Dr. Ellis discusses the fact that very religious people of deep and genuine faith get sick, have accidents, die, and become addicted to drugs and alcohol. Faith is no insurance policy against the hard troubles of life. So we must never let a misplaced disappointment in God or our own faith be a barrier to seeking the help that God provides.
On the other hand, Many people of faith have a notion that their faith should have protected them against the chaos of addiction.
Almost always, faithful people will have prayed for help in overcoming addiction. They may have even seen a few weeks or months of light, only to once again spiral down into the darkness.
Then comes the common result: disappointment with God. So the end state is worse than the beginning, for the supreme source of help apparently is not dependable. Shame, blame, and guilt set in. Denial and despair deepen. Has faith failed?

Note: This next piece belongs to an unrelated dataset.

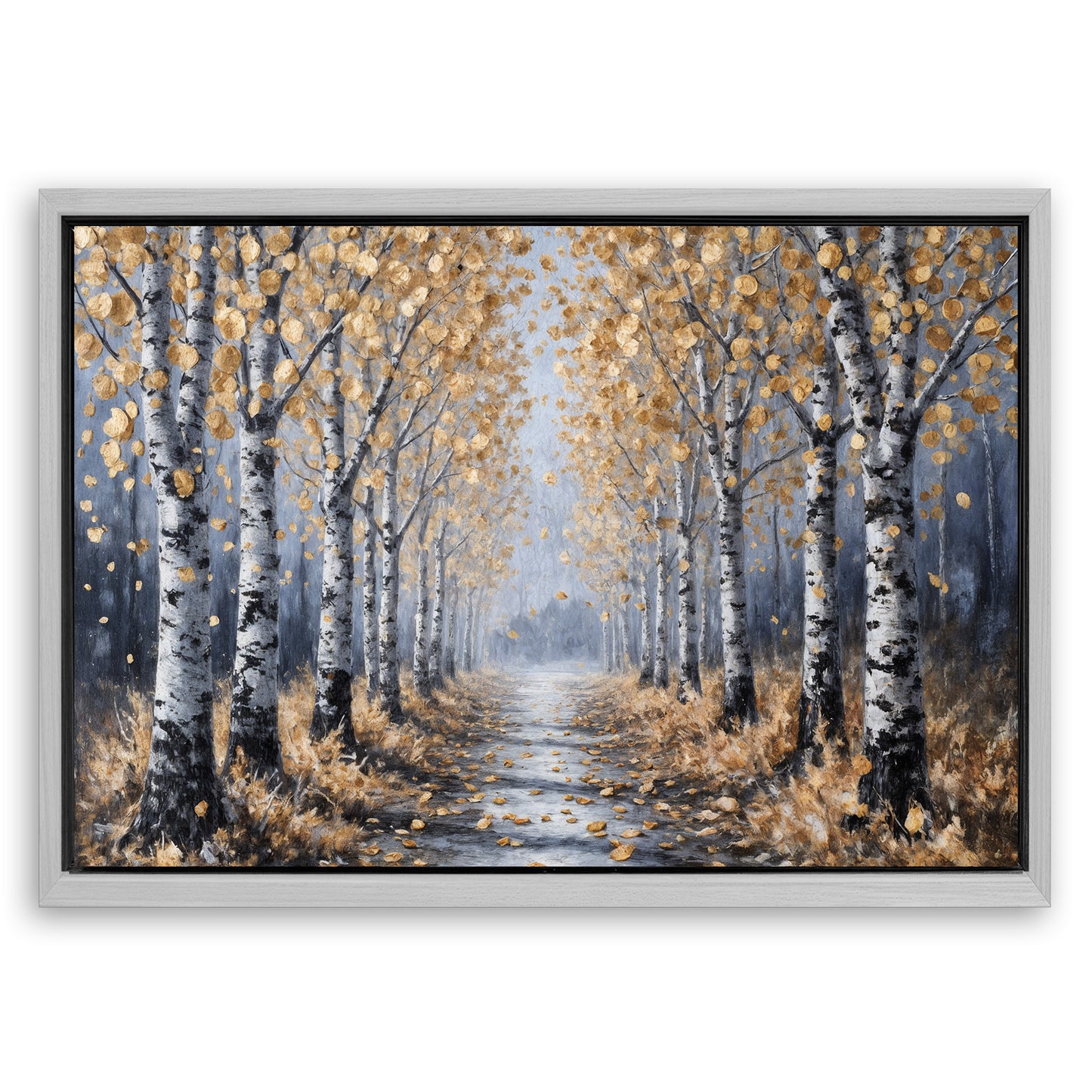 Save 33% When You Add A Frame To Your 24x16 Golden Autumn Forest Path Wall Art Canvas Now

In a word, no. Harold Kushner wrote, "Expecting the life to be fair to you because you are good, is like expecting a bull not to charge because you are a vegetarian." Life happens. We live in wondrous dreams, and terrible nightmares. We are victims and perpetrators. The presence of faith is simply no insurance policy against misfortune.
But what if we looked at the problem from a different angle? Instead of an indictment of faith, the present distress you're experiencing can become a way to demonstrate the necessity and centrality of faith. Perhaps the God of your understanding has been slowly forming the answers to your questions and prayers. And perhaps your coming to this point of considering intervention is the step of action God has made available to you.